§ Exercise brief
Could you print all the entries exactly?

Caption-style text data
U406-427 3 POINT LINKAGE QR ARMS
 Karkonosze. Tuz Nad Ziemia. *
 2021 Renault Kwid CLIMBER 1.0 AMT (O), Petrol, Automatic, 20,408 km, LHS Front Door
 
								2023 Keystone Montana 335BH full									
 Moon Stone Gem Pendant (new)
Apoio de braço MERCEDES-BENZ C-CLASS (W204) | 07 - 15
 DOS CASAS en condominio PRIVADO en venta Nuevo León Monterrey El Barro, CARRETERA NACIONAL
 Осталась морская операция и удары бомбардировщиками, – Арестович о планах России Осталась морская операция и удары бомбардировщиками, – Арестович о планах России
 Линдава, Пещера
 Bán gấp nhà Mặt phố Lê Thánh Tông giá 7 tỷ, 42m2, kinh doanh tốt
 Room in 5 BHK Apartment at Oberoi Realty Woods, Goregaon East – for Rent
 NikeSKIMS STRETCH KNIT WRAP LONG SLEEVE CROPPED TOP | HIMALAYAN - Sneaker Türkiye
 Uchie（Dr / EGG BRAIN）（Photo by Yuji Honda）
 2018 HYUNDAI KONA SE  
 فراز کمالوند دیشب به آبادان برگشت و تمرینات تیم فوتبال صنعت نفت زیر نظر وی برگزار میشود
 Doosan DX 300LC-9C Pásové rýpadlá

§ The answer
U406-427 3 POINT LINKAGE QR ARMS
 Karkonosze. Tuz Nad Ziemia. *
 2021 Renault Kwid CLIMBER 1.0 AMT (O), Petrol, Automatic, 20,408 km, LHS Front Door
 
								2023 Keystone Montana 335BH full									
 Moon Stone Gem Pendant (new)
Apoio de braço MERCEDES-BENZ C-CLASS (W204) | 07 - 15
 DOS CASAS en condominio PRIVADO en venta Nuevo León Monterrey El Barro, CARRETERA NACIONAL
 Осталась морская операция и удары бомбардировщиками, – Арестович о планах России Осталась морская операция и удары бомбардировщиками, – Арестович о планах России
 Линдава, Пещера
 Bán gấp nhà Mặt phố Lê Thánh Tông giá 7 tỷ, 42m2, kinh doanh tốt
 Room in 5 BHK Apartment at Oberoi Realty Woods, Goregaon East – for Rent
 NikeSKIMS STRETCH KNIT WRAP LONG SLEEVE CROPPED TOP | HIMALAYAN - Sneaker Türkiye
 Uchie（Dr / EGG BRAIN）（Photo by Yuji Honda）
 2018 HYUNDAI KONA SE  
 فراز کمالوند دیشب به آبادان برگشت و تمرینات تیم فوتبال صنعت نفت زیر نظر وی برگزار میشود
 Doosan DX 300LC-9C Pásové rýpadlá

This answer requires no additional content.